Diverging lenses are characterized by their negative focal lengths, indicating that they do not bring light rays to a real focus. Instead, the image formed is usually virtual, upright, and smaller than the object. Because of these properties, diverging lenses are often used in applications such as eyeglasses for nearsightedness and certain optical devices.

The focal length of a lens is a critical parameter that describes how strongly the lens converges or diverges light. In mathematical terms, it is the distance from the lens to the focal point, where light rays either meet (in converging lenses) or appear to diverge from (in diverging lenses).

For a diverging lens, the focal length is assigned a negative value. This negative sign is a mathematical representation that the focal point is virtual and located on the same side of the lens as the incoming light rays. In our problem, the diverging lens has a focal length of \[f = -20.0 \, \text{cm}\]This indicates that the lens is meant to spread light out, rather than focus it.

• The greater the absolute value of the focal length, the weaker the lens's ability to diverge light.

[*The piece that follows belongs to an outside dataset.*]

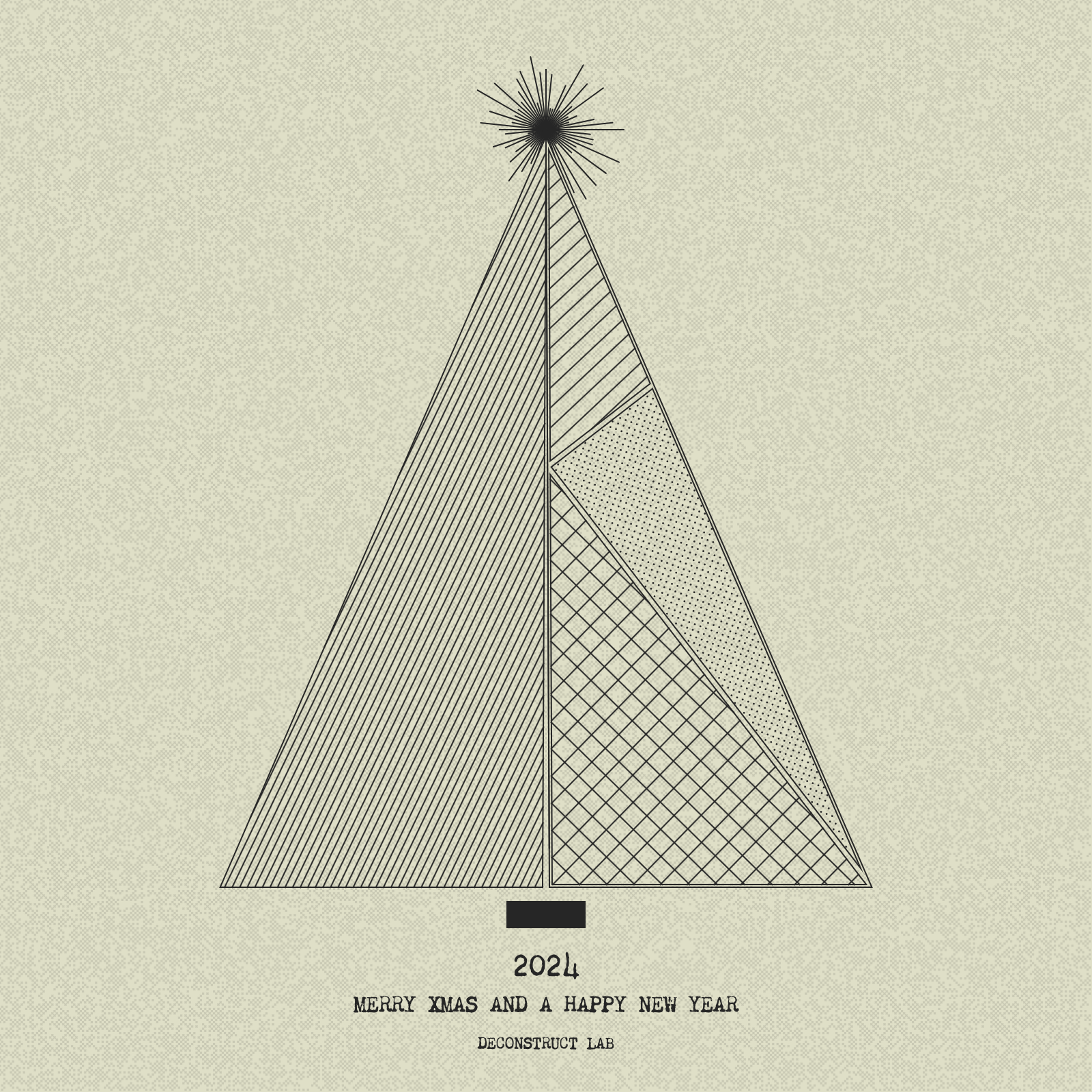 Have Yourself a Merry Little Geometric Tree #204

Image distance refers to the distance from the lens to the location where the image is formed. For diverging lenses, this distance is typically negative, corresponding to the virtual nature of the image, as it forms on the same side as the object.

Using the lens equation: \[ \frac{1}{f} = \frac{1}{d_o} + \frac{1}{d_i} \]where

• \(f\) is the focal length,
• \(d_o\) is the object distance,
• \(d_i\) is the image distance,

We can solve for the image distance \(d_i\). Substituting the values from the exercise:\[ \frac{1}{-20.0} = \frac{1}{20.0} + \frac{1}{d_i} \] Solving this equation will give us the value of \(d_i\), indicating the position of the virtual image. It is important to remember that for diverging lenses, the image formed is usually smaller and upright compared to the actual object.

Magnification in optics refers to how much larger or smaller the image is compared to the object. It is defined as the ratio of the image height to the object height, or equivalently, the image distance to the object distance. Mathematically, it is expressed as:\[ m = \frac{d_i}{d_o} \]For a diverging lens, since the image distance is usually negative, the magnification results in a positive but smaller-than-one value, indicating that the image is upright and reduced in size. In our equation setup, using \(d_i\) that we have calculated and using the known \(d_o = 20.0\, \text{cm}\), we can find:

• \(m < 1\): image is smaller
• \(m > 0\): image is upright

Thus, the magnification provides not only information about the size of the image but also about its orientation relative to the object.